The shift in short interest is the week's clearest data point. Short interest has climbed almost 8% over the past five sessions to 19.1% of the free float — a meaningful reversal from the covering trend documented just days ago, when SI had dropped to roughly 17.7%. The previous note flagged short sellers quietly retreating; that retreat has ended. Roughly 2.1 million additional shares are now estimated short compared to last week's trough. Yet the lending market itself is not signalling distress. Availability remains generous at 287% of short interest — well above its 52-week floor of 190% — and the cost to borrow is barely 0.41%, one of the lowest readings of the past year. Bears are adding positions, but the borrow market is accommodating rather than strained.
Options positioning has also shifted, though more modestly than short interest. The put/call ratio has edged up to 0.40 — slightly higher than last week's 0.38 — but remains well below its 20-day average of 0.46 and about 0.7 standard deviations beneath it. That keeps options sentiment net bullish relative to recent history. The contrast with April is still stark: the PCR ran above 0.57 through most of April before collapsing around the May 6 earnings beat. Call demand still dominates, even as some hedging has crept back in ahead of the June 11 print. The 52-week PCR range runs from 0.25 to 0.88 — at 0.40, the current reading is near the bullish end of that range.
The Street remains broadly constructive, though the picture is mixed at the margin. HC Wainwright reiterated its Buy rating and $70 target as recently as May 27, having raised that target from $60 following the Q1 beat. JP Morgan holds Overweight with a $46 target — more cautious on valuation but still positive on direction. Goldman Sachs sits at Neutral with a $39 target, essentially at current levels, implying the stock has run to where they see fair value. The mean analyst target of $48 implies roughly 31% upside from here, though that figure spans a wide range of views. Bulls point to BRIUMVI's real-world MS data, the subcutaneous formulation pipeline, and early CAR-T work with azer-cel. Bears flag competition in the anti-CD20 market, regulatory execution risk on next-generation formulations, and valuation — the PE has compressed about 4 points over the past 30 days to roughly 17x, and EV/EBITDA has eased to around 15x. The ORTEX short score of 73.9 ranks in the 7th percentile of the universe — a persistently elevated short-seller conviction reading that has barely moved over the past two weeks.

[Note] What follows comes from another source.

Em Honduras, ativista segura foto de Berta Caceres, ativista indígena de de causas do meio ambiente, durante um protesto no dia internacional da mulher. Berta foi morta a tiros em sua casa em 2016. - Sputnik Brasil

Among peers, the week's weakness in TGTX has company. URGN fell nearly 10% on the week and NUVL dropped 13%. AVTX led decliners with a 13% slide. The notable exception was VCYT, which gained 8% — suggesting dispersion rather than a clean sector-wide rotation. TGTX's 8% weekly decline sits squarely in the middle of the peer pack, making it less a stock-specific event and more a biotech tape story ahead of a busy catalyst week.
What changes after June 11 is less whether BRIUMVI is growing and more whether the subcutaneous formulation timeline and early azer-cel data can justify re-expanding the bear camp — or give the covering trade a reason to resume.